Then, a self-triggered ignition device 30 is disposed on the outer side facing the outer ring belt-shaped wall 5 (see FIG. 1).
[0025]
In FIG. 5, the upper and lower slit holes 21 and 23 are symmetrical in the vertical direction and are elongated in the axial direction. The upper and lower slit holes 21 and 23 are generally L-shaped with one end extending in a direction approaching each other. Is formed corresponding to the position where the two opposite side portions of the adjacent magnets 6 and 6 on the inner side can be seen from the outside, and the long axial width is slightly smaller than the magnet 6.
[0026]
The slit hole 22 sandwiched between the slit holes 21 and 23 is a rectangular hole that is provided on the opposite side in the axial direction from the circumferentially extending portion of the slit holes 21 and 23, and is slightly elongated in the circumferential direction. The inner magnet 6 is formed at a position directly above the circumferential direction.
[0027]
In FIG. 5, the upper and lower magnets 6 and 6 are supported on the outer ring belt-like wall 5 only by one side corresponding to the slit holes 21 and 23, respectively. Some of them correspond to the slit holes 21, 22 and 23, and the others are supported by the outer ring belt-like wall 5, so that the magnets 6 are reliably supported even if a large centrifugal force is applied to each magnet 6 during high-speed rotation. Can do.
[0028]
FIG. 6 shows a cross-sectional view perpendicular to the axial direction at the slit hole 22 (cross-sectional view taken along VI-VI in FIG. 5).
In FIG. 6, the magnetic field lines coming out from the vicinity of the center of the N pole on the outer circumference side of the center magnet 6 leak to the outside from the slit hole 22, and then from the slit holes 21 and 23 on both sides to the S pole on the outer circumference side of the adjacent magnets 6 and 6. It reaches.
[0029]
Further, the magnetic field lines coming out from the left and right sides of the outer peripheral side N pole of the central magnet 6 leak outside from the slit holes 21 and 23 on both sides, and then the outer peripheral side S of the adjacent magnets 6 and 6 from the same slit holes 21 and 23. To the pole.
[0030]
When the flywheel rotor 3 rotates, the magnetic field lines leaking to the outside rotate together with the self-triggered igniter 30 each time it passes through the self-triggered igniter 30 arranged outside the outer ring belt-like wall 5. The engine is ignited.
[0031]
As described above, slit holes 21, 22, 23 for penetrating magnetic force are formed in a part of the outer ring belt-like wall 5, and cooling of the bottom wall 4 located on the opposite side of the slit holes 21, 22, 23 with respect to the center of rotation.

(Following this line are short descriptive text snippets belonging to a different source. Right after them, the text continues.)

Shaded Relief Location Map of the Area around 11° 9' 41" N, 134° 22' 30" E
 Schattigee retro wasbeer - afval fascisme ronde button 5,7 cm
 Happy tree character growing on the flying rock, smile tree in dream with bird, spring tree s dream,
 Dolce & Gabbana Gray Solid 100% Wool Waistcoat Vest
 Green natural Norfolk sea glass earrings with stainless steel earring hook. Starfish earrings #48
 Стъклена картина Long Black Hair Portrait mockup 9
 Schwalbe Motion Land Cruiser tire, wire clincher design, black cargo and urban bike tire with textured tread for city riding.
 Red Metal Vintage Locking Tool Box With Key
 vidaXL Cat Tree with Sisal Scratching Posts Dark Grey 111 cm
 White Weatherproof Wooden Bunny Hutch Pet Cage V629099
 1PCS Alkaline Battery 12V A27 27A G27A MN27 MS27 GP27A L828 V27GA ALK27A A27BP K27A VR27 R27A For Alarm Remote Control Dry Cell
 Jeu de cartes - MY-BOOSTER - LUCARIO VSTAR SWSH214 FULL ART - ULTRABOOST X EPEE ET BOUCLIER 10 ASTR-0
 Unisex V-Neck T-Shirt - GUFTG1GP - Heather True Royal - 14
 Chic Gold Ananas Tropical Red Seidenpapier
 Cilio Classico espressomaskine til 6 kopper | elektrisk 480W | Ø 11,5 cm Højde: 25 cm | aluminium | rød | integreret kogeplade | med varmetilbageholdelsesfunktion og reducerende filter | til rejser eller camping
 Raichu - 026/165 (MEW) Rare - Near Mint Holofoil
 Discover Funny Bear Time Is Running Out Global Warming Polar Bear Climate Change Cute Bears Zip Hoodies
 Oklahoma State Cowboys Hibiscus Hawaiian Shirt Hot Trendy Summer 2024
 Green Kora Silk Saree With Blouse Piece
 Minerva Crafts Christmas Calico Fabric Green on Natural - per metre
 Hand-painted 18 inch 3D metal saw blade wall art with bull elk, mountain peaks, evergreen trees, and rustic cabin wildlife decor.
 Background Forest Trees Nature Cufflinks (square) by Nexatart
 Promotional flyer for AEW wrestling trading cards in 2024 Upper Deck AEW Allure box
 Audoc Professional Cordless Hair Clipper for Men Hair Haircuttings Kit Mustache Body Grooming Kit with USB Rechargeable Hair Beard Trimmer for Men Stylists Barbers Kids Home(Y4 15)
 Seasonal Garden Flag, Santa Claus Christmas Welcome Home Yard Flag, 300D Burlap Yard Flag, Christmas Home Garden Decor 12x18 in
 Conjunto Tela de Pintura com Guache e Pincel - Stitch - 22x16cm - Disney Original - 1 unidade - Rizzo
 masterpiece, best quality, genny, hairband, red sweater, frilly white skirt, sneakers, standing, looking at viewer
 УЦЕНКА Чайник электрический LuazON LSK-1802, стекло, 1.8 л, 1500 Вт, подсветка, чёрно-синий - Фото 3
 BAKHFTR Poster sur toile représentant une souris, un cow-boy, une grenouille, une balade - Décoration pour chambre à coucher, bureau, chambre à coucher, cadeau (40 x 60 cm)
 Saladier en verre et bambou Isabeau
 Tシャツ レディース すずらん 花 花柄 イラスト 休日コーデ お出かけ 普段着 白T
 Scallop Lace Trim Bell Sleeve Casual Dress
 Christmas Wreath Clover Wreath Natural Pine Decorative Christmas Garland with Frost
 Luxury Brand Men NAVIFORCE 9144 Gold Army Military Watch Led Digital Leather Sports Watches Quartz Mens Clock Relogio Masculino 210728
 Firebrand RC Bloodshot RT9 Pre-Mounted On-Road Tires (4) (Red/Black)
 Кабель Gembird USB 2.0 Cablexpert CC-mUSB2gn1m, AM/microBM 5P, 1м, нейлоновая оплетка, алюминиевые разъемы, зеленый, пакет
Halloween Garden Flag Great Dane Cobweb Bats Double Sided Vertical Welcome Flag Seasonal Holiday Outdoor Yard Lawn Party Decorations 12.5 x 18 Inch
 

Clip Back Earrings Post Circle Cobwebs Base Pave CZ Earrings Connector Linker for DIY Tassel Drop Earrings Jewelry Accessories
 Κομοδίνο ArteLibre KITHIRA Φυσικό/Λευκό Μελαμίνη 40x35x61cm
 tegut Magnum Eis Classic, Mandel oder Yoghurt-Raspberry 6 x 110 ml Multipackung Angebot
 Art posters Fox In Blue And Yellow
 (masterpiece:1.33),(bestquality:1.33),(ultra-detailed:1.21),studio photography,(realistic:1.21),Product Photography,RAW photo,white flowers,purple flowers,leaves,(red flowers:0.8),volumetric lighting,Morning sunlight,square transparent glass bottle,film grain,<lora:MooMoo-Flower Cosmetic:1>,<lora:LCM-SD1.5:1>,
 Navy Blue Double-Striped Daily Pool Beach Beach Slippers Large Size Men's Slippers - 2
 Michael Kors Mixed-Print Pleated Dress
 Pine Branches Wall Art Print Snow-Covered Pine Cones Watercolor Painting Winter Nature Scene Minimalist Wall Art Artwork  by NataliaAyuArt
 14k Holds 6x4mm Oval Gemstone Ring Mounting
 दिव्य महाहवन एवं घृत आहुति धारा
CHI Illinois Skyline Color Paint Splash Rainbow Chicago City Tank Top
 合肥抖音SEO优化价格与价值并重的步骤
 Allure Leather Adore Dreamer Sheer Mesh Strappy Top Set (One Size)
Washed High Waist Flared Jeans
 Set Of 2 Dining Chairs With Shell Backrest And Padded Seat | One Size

Since the ventilation opening 20a is an opening larger than the other three cooling ventilation openings 20b, the enlarged opening is adjusted so as to be balanced with the slit holes 21, 22, 23 and the rotation center. Thus, the rotation balance can be easily maintained.
[0032]
Since the rotation balance of the flywheel rotor 3 can be maintained with a simple structure in which the opening of one cooling ventilation opening 20a is formed large by using the cooling ventilation opening, the whole can be compactly and compactly assembled. Can do.
[0033]
As shown in FIG. 7, the flywheel rotor 3 is formed with a notch 25 on the opening side edge of the outer ring belt-like wall 5 opposite to the slit holes 21, 22, 23 with respect to the center of rotation. The balance of direction is adjusted.
[0034]
The notch 25 is on the same side as the cooling ventilation opening 20a having a large opening with respect to the center of rotation and is balanced in the axial direction. The cooling ventilation opening 20a including the notch 25 adjusts the rotation balance. doing.
[0035]
The self-trigger igniter 30 has an igniter 31 facing the outer peripheral surface of the outer ring belt-like wall 5.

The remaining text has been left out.